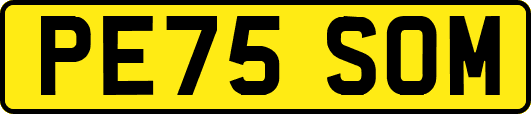 PE75SOM
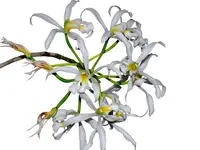 Laelia superbiens f. alba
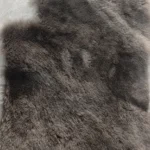 11_0015_微信图片_20260113161245_473_5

YOUR TASK> Where the line holding "Laelia superbiens f. alba" appears, start copying, and continue exactly through the last line of the listing, both ends included, skipping the pictures.

WRITTEN RESPONSE>
 Laelia superbiens f. alba
 11_0015_微信图片_20260113161245_473_5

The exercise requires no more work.